Good morning, everyone, from the inky black of Palo Alto’s pre-dawn. I’m relieved to see so much green on the screen, not that I’m long anything (except for Rivian) but because I’m so light. I was rather troubled last night when I saw the market plunging again and figured I’d be kicking myself for selling off 70% of my DIA puts already, just as one example.
I will say, though, that looking at the volatility chart for 2026, it seems we’re in an environment of higher highs and higher lows, not the end of the dynamism.

The /NQ is up about half a percent (although “triple digits” is also accurate and sounds more exciting). That red line of resistance is key.

The /RTY has a different line to grapple with, which goes back for eleven months instead of just a few days. That is to say, this is the Liberation Day trendline, and it is having magnetic power of prices.

One of the most substantial patterns happening right now is the trading range of the S&P 500 futures, which has been going on for months. For the first time, we sneaked a little below this level yesterday morning, but that weakness was quickly bought.

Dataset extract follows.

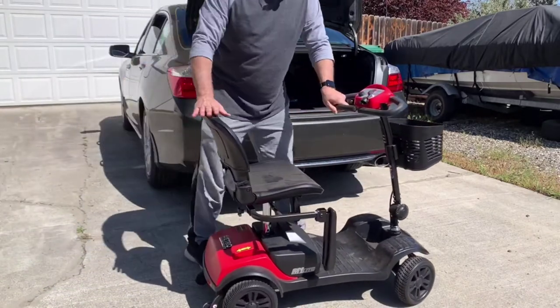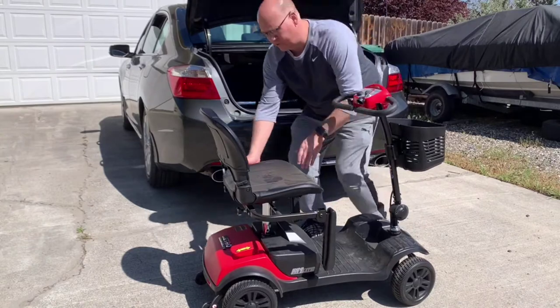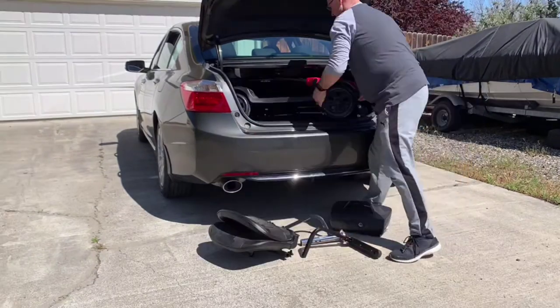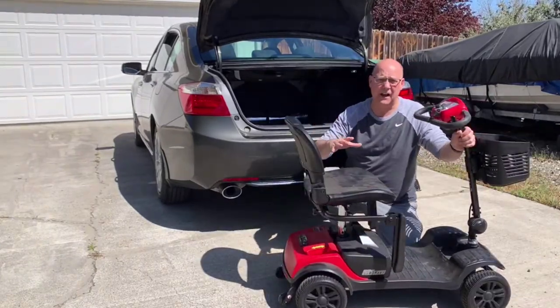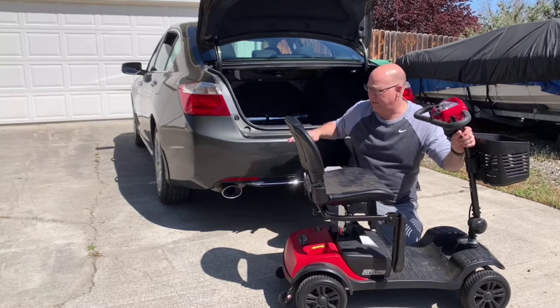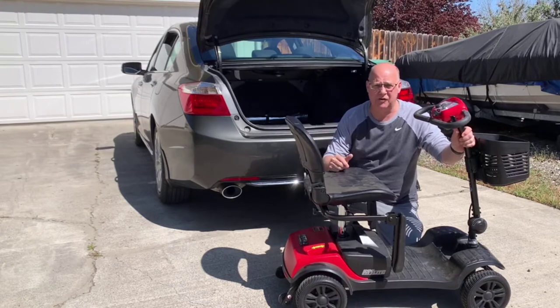One of the reasons we got this MetroCart is because it's so easy to assemble and take apart. When we're traveling, we can just take it apart to put it into the trunk. You saw how quickly I was able to get it out of the trunk. That's one of the things I like about this — you can take it with you on travel without having to have a big trailer.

Thus, this tremendous top is still in place, but I’ve to say, the odds to me of a much more serious breakdown are looking better than they have in a very long time.

As always, even if you don’t care a single Solano about crypto, keep an eye on Bitcoin. Strength and weakness here is an important harbinger of risk on/off psychology. These days, I look at BTC even before equity futures.

I am coming into the day 88% committed. The giant gorilla in the room is the Iran War (or, sorry, the “kinetic operations“) and what’s going to happen next, which even Yoda doesn’t know.